Whenever a line of the listing contains the string "than", return that line.
*** PROVIDED DATA Section Begins ***
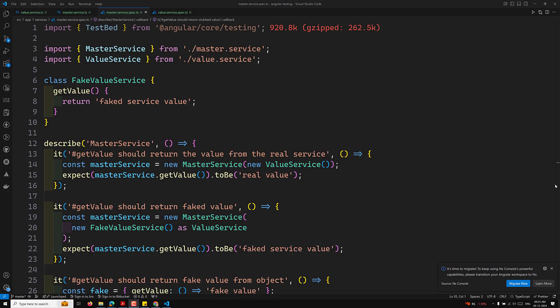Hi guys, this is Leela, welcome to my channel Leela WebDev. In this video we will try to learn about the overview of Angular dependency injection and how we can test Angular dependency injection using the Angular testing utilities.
*** PROVIDED DATA Section Ends ***
*** PROVIDED DATA Section Begins ***
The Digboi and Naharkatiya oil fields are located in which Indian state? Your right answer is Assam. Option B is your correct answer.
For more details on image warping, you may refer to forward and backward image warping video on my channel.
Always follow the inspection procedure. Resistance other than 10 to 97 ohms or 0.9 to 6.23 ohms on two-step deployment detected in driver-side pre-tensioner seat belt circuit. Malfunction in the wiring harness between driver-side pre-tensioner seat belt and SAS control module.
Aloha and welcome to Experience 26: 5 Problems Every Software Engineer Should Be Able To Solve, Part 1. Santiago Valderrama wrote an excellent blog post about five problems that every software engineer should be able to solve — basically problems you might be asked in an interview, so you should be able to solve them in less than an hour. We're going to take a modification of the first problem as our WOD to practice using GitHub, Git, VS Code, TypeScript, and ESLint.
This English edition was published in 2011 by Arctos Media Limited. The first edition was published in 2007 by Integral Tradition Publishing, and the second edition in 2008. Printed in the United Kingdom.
*** PROVIDED DATA Section Ends ***
**THE ANSWER**
Always follow the inspection procedure. Resistance other than 10 to 97 ohms or 0.9 to 6.23 ohms on two-step deployment detected in driver-side pre-tensioner seat belt circuit. Malfunction in the wiring harness between driver-side pre-tensioner seat belt and SAS control module.
Aloha and welcome to Experience 26: 5 Problems Every Software Engineer Should Be Able To Solve, Part 1. Santiago Valderrama wrote an excellent blog post about five problems that every software engineer should be able to solve — basically problems you might be asked in an interview, so you should be able to solve them in less than an hour. We're going to take a modification of the first problem as our WOD to practice using GitHub, Git, VS Code, TypeScript, and ESLint.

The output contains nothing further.